PROVIDED DATA:
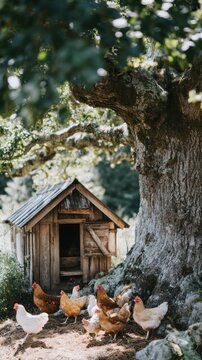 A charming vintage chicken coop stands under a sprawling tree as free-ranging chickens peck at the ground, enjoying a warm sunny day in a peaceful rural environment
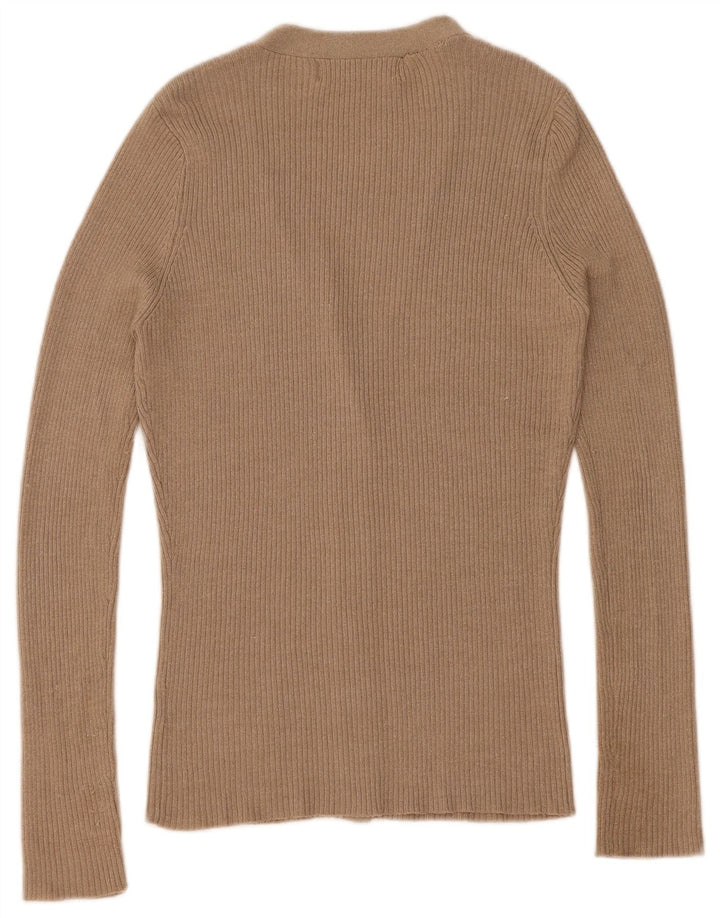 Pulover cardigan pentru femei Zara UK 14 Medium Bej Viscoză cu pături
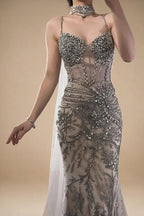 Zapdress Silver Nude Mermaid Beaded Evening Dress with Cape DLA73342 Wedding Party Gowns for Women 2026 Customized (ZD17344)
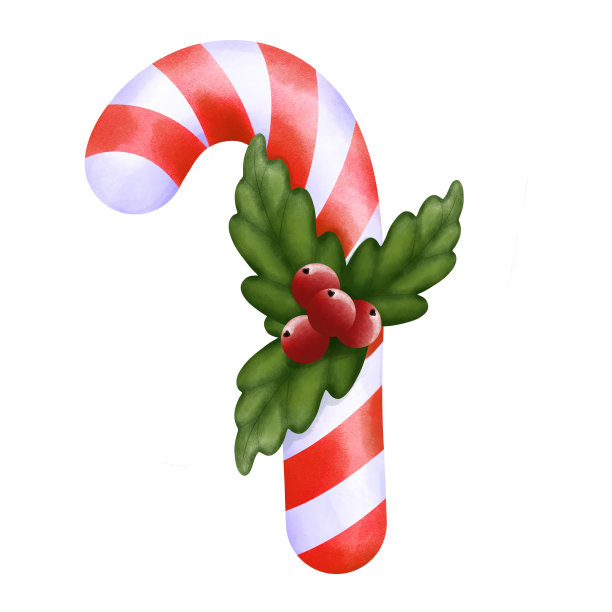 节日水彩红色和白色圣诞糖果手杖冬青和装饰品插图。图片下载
--
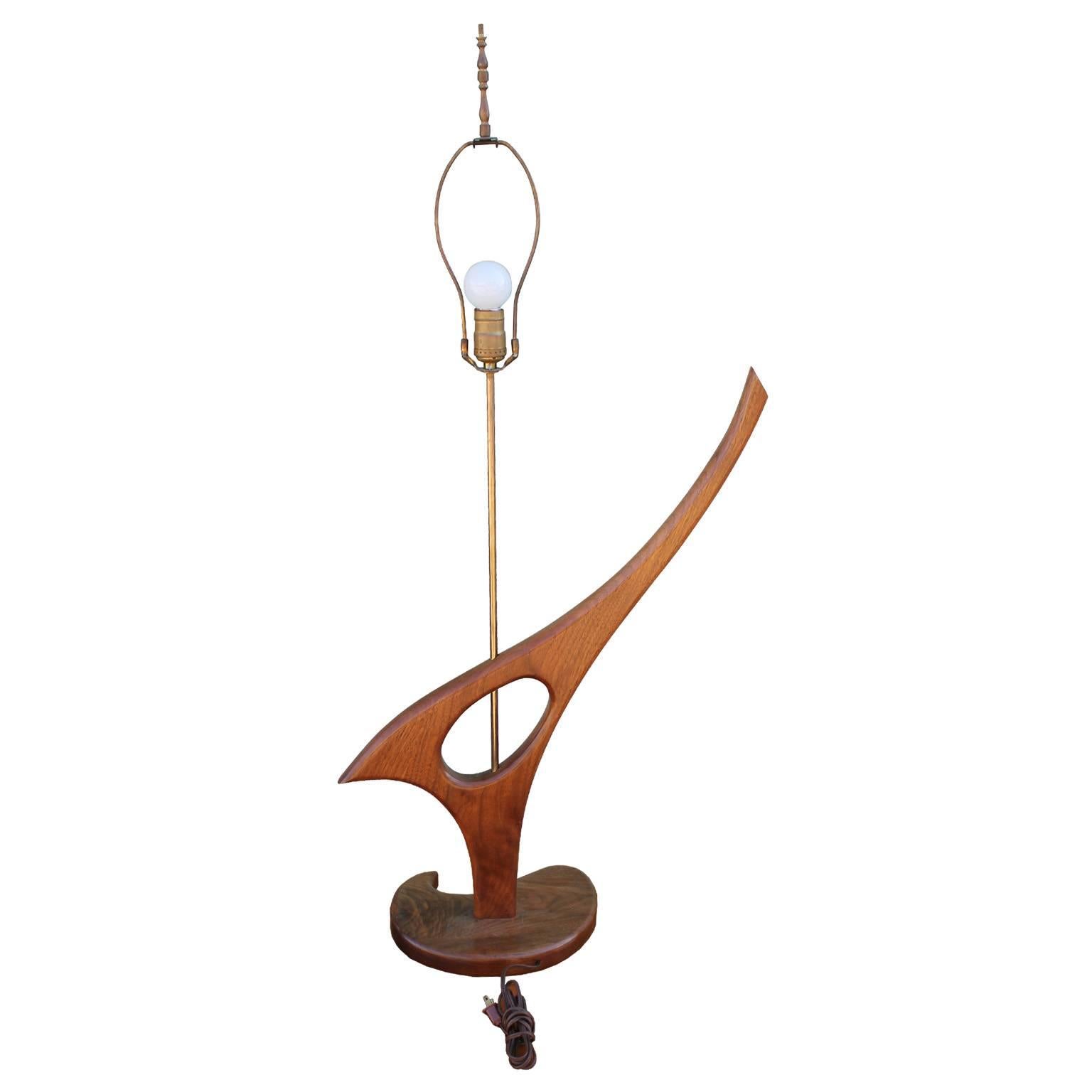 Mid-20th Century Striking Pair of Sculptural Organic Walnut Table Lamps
...
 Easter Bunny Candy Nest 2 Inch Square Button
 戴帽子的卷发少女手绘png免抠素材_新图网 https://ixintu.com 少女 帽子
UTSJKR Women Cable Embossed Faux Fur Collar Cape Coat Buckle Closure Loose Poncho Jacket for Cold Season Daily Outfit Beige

INSTRUCTIONS TO FOLLOW: Your task is to copy only the lines above starting at the one containing "A charming vintage" and ending at the one containing "Pulover cardigan pentru". Copy them exactly, both ends included, and omit the pictures.

SOLUTION TO THIS EXERCISE:
 A charming vintage chicken coop stands under a sprawling tree as free-ranging chickens peck at the ground, enjoying a warm sunny day in a peaceful rural environment
 Pulover cardigan pentru femei Zara UK 14 Medium Bej Viscoză cu pături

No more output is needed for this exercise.